The story is well-known to the readers of this journal. Apple is promoting its commercial guarantee in Europe which costs the consumer around 250 Dollar per year. European consumers are entitled to a cost-free legal guarantee for a minimum of the first years. This is laid down in the Directive on consumer sales. Apple is obliged to inform the consumer about his rights. This is clear from another piece of EU law aiming at laying down standards on marketing practices. There are lots of uncertainties on the legal side which result from the fact that the two pieces of law are not really interlinked that the first lays down minimum standards whereas the second fully harmonizes European law in the marketing sphere. On top of this the 27, now 28 Member States have to implement the European Directives into their national laws via separate legislative measures. The complexity is a matter for lawyers and politicians. It is Europe as it is. United in diversity.

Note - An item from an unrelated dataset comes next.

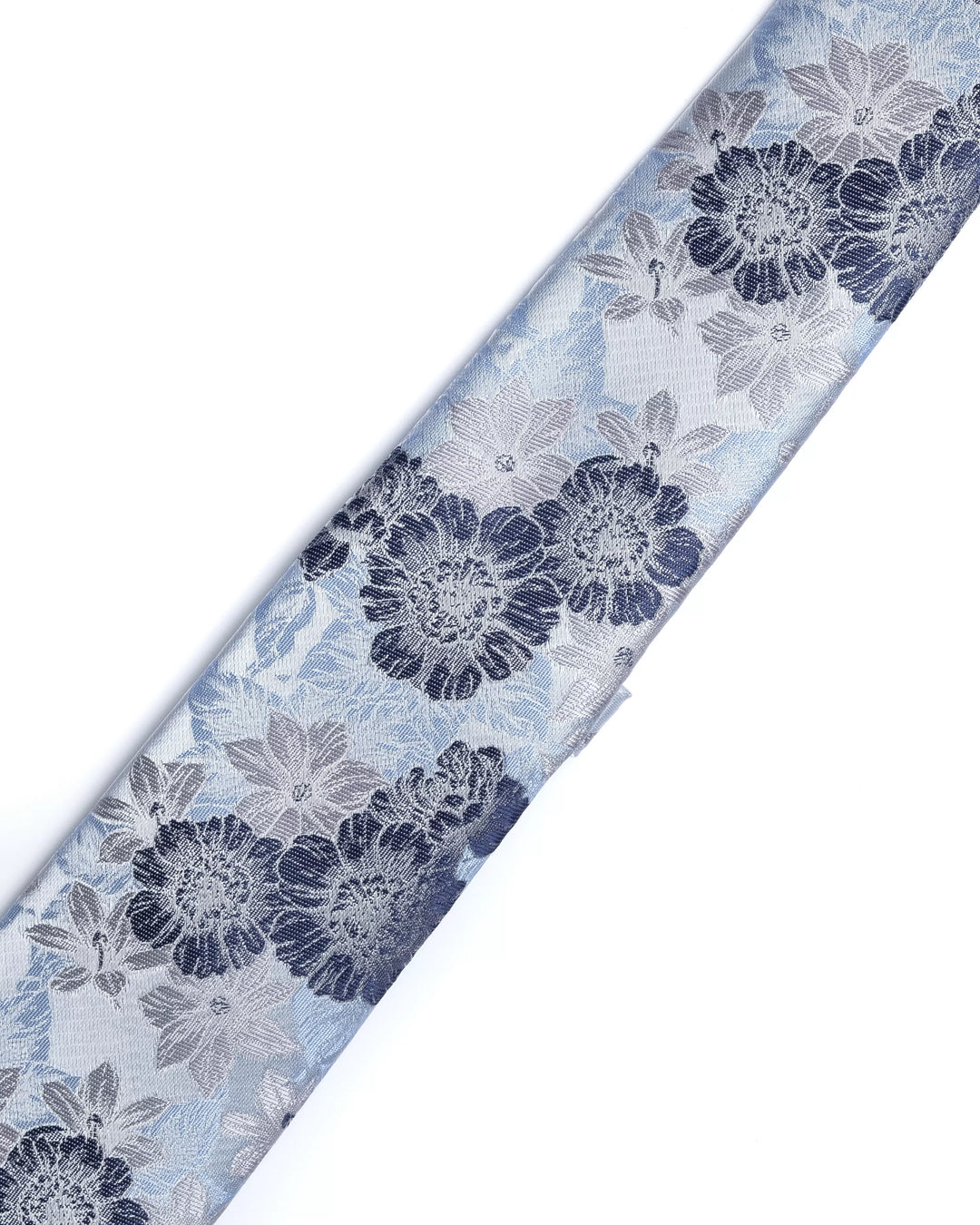 Remus Uomo Sky Blue Standard Width Tie & Pocket Square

My concern is a different one. Altroconsumo was the first consumer organization in Europe which took legal action against Apple. Via BEUC – the Bureau Européen des Unions de Consommateurs which is an umbrella organization of national consumer organizations – more than 10 national consumer organizations took action against Apple in their countries. It is here where the problem begins. Let us recall: we have two different pieces of legislation – one in the field of contract law, the other in the field of unfair commercial practices. So a couple of the consumer organizations relied on contract law, the others on unfair commercial practices. The logic behind? What suits best to the national legal environment! The result is different interpretations around Europe on what exactly is required under contract law and unfair commercial practices. In theory this would be a matter for the European Court of Justice which has the authority to provide guidance to the interpretation of EU law. So far none of the courts involved in the Apple case seems ready to refer the problem to Luxemburg. And even if this would happen, the ECJ would need all the experience from the other national legal orders to get the full picture – at least in theory. Such a search for full knowledge is not really foreseen in the so called preliminary reference procedure which paves the way for national courts to the European Court of Justice in Luxemburg.

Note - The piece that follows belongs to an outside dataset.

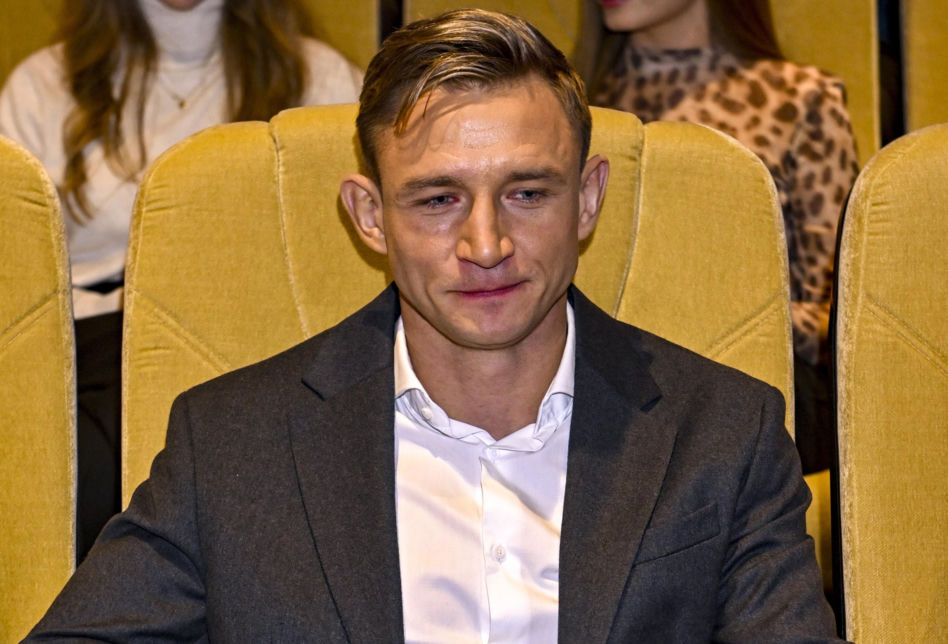 Jakub Rzeźniczak zgłosił hejtera na policję. Opublikował wiadomości z groźbami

But this is only one side of the coin: national laws differ in the way the consumer laws are enforced, in particular when it comes to the protection of the collective interests. Some of them rely on consumer agencies, these can be institutions just dealing with consumer law and nothing else, others have set up agencies which unite different areas of law. Consumer law is then part of a broader field of competencies. Last but not least there are the consumer organizations which should have standing to defend the consumer interest in and before agencies and courts. 28 member states, 28 different institutional settings for consumer law enforcement. Even for a specialist the procedural details and the inner mechanics are hard to overlook. The common legal means is the so-called action for action – a stop order mechanism, which sets an end to illegal practices. What sounds easy is again very difficult, as there is no common understanding of what ‘injunction’ means.

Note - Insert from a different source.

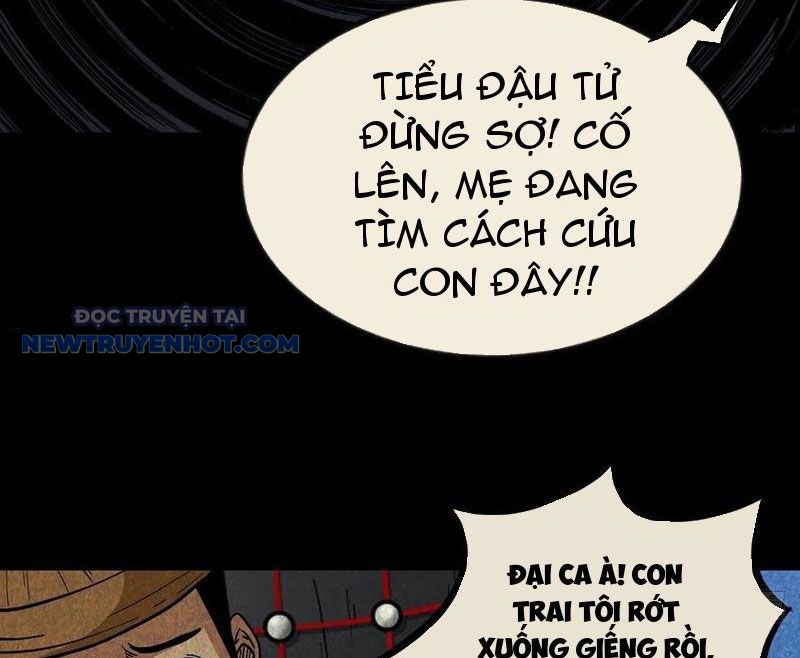 đấu Yếm Thần Chap 103 - Next Chap 104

So how to come to a joint approach against the incriminated practices of Apple? It looks simple: the consumer organizations have their umbrella organization BEUC under which they can co-ordinate, what they did – to some extent , the national consumer agencies may co-ordinate their enforcement strategies in a particular committee which was set up in order to get to grips with transborder consumer law enforcement issues. This is not really the case here, as Apple targets each member state separately and be it simply by the respective language. This means that more than 20 versions of the commercial guarantee are available and should be compared as there might be differences in the language versions. So consumer agencies have no forum for purely internal matters. And even if they would use the committee dealing with transborder complaints, they would have to involve the consumer organizations which have their own view not necessarily in compliance with the one of the public agencies.
In short – consumer law enforcement in Europe is difficult to say the least, burdensome, messy, complicated, public and private institutions have to co-operate, different opinions, different laws, different interpretations, different court decisions. Where is the solution? Is there a solution?
On 3rd April 2013 the New York Times published an article under the heading of ‘After Uproar in China, Apple issues apology’. The insightful consumer will easily recognize the common denominator in Chinese and European consumer complaints. In China, however, the communist party launched a campaign against Apple after sales services, accompanied via media attacks in the press and investigative reports of the Chinese television. In a couple of days Apple changed its practice. The notice does not tell us whether Apple did change its practice and accepted the two years free of charge legal guarantee in China. Let us assume for a moment that the centrally co-ordinated attack via the media and political institutions led to the desired result – compliance with a cost free two years guarantee.
Is it this what European consumers are dreaming of? A central European Agency having the power and the legitimacy to implement EU consumer law with reference to court, without discussion of the legal intricacies, without a right to be heard, just through the joint forces of the political communist party, the media and the competent enforcement authorities?
I hope NOT. Europe and European integration is a painful exercise, with imperfections, with disappointments, with anger and dismay – but in an open democratic procedure. The solution is not centralization – the call for the omnipotent power – the superagency which has always the best of the peoples – here the consumers in mind – but better and more efficient co-ordination between statutory agencies and consumer organizations, in the member states and across the borders. In such a perspective we could even think of a member state court binding other member states courts at least as long as the ECJ has not yet decided.